**Your task**
Each line from the one holding "Handshake, T&K" to the end of the listing below must be given again exactly as it appears.

**Study material**

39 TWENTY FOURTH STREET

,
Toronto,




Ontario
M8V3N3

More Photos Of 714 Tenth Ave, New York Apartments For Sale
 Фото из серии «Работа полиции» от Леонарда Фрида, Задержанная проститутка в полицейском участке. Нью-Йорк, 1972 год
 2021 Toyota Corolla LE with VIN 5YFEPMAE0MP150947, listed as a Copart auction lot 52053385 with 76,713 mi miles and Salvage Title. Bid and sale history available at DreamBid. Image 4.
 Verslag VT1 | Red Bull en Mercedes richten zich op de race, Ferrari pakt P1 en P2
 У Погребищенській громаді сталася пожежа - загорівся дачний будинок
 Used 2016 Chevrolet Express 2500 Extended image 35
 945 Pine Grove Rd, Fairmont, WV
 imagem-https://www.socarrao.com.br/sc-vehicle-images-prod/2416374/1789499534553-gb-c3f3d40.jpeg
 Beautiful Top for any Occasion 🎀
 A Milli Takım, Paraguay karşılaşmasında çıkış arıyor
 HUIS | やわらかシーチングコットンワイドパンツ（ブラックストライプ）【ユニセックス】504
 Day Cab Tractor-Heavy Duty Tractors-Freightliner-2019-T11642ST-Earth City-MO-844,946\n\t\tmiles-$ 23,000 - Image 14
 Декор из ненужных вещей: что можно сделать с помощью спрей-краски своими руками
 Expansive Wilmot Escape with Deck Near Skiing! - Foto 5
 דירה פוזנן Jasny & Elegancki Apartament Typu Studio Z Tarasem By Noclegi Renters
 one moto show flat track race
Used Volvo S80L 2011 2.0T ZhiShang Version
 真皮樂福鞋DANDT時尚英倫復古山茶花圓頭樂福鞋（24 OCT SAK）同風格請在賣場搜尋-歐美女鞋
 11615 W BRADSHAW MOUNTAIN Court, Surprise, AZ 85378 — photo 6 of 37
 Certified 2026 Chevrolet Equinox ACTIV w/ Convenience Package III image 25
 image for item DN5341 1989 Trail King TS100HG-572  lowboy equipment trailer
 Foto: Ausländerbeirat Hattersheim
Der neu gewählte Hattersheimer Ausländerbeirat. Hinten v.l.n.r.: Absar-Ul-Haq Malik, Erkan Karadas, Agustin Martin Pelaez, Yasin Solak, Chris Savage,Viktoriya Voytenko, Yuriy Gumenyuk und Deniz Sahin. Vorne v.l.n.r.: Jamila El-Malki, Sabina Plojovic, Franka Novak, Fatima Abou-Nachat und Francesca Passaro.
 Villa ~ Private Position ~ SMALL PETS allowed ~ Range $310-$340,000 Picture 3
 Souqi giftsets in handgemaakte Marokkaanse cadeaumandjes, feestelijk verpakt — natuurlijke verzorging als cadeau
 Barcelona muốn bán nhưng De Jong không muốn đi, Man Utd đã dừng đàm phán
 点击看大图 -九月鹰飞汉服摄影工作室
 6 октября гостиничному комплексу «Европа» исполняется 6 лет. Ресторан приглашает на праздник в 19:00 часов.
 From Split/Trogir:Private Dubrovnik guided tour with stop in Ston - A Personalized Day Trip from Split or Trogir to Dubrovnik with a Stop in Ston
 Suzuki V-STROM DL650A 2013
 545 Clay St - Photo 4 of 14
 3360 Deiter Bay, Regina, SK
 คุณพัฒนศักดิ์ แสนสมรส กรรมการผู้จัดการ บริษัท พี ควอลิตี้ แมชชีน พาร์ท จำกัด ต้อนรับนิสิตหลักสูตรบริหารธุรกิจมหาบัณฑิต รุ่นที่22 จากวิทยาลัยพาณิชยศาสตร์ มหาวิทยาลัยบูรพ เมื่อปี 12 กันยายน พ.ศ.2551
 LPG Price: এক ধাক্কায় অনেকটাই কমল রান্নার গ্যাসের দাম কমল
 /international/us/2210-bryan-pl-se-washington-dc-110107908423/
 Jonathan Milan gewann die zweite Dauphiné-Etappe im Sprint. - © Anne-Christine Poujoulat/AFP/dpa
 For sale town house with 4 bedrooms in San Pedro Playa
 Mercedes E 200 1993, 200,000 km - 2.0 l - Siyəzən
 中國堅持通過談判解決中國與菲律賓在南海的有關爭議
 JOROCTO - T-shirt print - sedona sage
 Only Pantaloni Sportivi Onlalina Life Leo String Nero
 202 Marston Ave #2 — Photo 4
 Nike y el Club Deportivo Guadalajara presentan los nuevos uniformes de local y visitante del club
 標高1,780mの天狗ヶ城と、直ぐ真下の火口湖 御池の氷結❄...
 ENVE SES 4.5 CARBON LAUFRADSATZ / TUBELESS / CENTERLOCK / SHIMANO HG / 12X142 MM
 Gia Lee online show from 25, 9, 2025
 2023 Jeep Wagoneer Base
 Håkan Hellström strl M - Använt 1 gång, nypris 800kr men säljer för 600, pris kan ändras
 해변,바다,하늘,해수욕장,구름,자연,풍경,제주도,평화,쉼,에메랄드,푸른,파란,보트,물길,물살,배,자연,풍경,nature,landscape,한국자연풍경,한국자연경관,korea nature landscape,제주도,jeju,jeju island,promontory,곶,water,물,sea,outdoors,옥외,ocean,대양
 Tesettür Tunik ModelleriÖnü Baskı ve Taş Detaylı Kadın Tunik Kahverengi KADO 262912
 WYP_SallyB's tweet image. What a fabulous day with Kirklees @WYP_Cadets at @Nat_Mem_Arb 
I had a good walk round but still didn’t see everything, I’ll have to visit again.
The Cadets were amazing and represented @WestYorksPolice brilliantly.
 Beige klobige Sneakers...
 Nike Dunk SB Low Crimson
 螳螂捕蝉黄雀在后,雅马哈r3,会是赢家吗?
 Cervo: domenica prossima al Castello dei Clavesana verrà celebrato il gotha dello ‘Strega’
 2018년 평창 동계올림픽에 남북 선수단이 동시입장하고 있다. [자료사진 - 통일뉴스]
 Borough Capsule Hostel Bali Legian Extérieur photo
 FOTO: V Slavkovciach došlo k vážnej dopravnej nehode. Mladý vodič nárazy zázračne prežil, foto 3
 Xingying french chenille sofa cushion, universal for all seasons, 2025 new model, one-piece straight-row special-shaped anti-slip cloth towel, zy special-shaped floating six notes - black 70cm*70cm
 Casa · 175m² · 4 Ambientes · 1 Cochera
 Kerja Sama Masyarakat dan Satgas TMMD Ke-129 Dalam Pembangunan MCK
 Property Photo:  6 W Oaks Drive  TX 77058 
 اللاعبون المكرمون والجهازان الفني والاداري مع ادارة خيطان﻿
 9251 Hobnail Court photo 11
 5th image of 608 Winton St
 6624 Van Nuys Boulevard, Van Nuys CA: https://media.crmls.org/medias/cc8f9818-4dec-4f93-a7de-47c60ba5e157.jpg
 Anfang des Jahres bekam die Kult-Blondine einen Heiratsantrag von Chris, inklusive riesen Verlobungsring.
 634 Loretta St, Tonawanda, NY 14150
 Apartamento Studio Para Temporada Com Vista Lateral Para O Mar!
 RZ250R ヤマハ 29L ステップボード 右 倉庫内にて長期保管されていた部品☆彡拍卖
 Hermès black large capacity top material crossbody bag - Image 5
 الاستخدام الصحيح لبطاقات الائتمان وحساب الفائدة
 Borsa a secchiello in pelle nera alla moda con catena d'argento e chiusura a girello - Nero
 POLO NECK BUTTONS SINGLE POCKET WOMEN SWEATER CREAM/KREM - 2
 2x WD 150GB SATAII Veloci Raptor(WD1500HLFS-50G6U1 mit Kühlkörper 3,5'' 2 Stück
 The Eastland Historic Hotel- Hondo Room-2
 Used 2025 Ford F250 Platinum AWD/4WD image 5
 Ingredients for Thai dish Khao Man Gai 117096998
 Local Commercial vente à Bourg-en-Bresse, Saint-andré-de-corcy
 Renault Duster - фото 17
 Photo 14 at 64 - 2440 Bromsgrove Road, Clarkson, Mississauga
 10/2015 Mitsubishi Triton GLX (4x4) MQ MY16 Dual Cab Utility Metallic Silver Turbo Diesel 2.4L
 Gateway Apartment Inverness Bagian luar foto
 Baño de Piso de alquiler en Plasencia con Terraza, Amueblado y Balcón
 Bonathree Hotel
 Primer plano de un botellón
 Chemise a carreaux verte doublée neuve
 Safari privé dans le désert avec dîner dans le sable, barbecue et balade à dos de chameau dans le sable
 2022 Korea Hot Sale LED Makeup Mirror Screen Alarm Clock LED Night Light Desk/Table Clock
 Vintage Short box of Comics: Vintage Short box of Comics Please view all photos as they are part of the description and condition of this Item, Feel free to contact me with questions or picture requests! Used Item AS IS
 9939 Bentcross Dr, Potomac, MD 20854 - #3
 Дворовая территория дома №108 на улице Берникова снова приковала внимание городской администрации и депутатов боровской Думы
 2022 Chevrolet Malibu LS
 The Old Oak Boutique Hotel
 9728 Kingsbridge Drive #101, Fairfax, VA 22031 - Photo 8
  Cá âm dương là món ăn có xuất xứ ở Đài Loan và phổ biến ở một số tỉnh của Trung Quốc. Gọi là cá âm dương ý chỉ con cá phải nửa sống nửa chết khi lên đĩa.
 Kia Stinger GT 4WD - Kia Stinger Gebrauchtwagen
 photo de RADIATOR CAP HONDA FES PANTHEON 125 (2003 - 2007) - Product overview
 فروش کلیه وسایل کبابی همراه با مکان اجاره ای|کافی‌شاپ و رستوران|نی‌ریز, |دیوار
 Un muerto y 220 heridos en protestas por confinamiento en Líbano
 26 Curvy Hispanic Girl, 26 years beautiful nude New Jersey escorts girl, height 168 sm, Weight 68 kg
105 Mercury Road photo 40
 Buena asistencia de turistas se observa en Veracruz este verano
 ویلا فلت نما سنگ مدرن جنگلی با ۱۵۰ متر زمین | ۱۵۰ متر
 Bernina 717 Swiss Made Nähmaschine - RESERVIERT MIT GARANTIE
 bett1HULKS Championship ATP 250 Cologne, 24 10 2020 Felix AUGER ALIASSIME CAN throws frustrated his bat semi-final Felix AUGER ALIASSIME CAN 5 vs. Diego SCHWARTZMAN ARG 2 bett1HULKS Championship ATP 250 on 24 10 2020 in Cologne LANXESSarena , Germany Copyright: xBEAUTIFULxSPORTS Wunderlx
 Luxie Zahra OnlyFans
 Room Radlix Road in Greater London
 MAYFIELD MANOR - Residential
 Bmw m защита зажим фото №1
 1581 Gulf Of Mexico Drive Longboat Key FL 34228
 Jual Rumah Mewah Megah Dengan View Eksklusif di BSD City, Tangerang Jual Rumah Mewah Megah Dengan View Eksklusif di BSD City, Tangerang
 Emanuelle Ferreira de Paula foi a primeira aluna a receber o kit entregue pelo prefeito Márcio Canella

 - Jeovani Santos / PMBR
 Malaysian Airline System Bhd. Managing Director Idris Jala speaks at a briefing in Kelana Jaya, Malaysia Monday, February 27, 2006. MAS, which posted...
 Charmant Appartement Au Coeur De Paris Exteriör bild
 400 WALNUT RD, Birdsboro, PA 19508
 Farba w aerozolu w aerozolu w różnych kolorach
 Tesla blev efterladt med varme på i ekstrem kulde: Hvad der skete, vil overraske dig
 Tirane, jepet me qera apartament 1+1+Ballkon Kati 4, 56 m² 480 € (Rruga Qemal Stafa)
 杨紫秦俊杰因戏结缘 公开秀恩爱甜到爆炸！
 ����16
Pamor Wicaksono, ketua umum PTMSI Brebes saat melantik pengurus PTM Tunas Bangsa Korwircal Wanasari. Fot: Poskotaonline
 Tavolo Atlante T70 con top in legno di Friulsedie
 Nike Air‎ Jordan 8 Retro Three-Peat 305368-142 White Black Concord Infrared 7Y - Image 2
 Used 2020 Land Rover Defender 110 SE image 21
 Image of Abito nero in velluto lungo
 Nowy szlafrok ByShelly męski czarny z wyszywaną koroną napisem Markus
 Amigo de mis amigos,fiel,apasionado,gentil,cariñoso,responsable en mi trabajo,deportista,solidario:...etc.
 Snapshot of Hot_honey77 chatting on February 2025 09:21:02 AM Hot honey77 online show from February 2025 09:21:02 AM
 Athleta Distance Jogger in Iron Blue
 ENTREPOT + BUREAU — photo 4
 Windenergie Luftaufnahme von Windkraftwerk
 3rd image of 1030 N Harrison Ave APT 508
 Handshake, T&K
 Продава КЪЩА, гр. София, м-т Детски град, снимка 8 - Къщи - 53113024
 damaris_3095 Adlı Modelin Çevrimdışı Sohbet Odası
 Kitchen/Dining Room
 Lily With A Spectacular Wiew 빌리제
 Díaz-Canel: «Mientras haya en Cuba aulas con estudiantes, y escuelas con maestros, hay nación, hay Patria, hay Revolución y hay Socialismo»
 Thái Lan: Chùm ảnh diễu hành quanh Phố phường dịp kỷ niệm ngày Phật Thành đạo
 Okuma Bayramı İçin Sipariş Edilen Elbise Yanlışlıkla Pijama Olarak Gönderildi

**Finished task**
 Handshake, T&K
 Продава КЪЩА, гр. София, м-т Детски град, снимка 8 - Къщи - 53113024
 damaris_3095 Adlı Modelin Çevrimdışı Sohbet Odası
 Kitchen/Dining Room
 Lily With A Spectacular Wiew 빌리제
 Díaz-Canel: «Mientras haya en Cuba aulas con estudiantes, y escuelas con maestros, hay nación, hay Patria, hay Revolución y hay Socialismo»
 Thái Lan: Chùm ảnh diễu hành quanh Phố phường dịp kỷ niệm ngày Phật Thành đạo
 Okuma Bayramı İçin Sipariş Edilen Elbise Yanlışlıkla Pijama Olarak Gönderildi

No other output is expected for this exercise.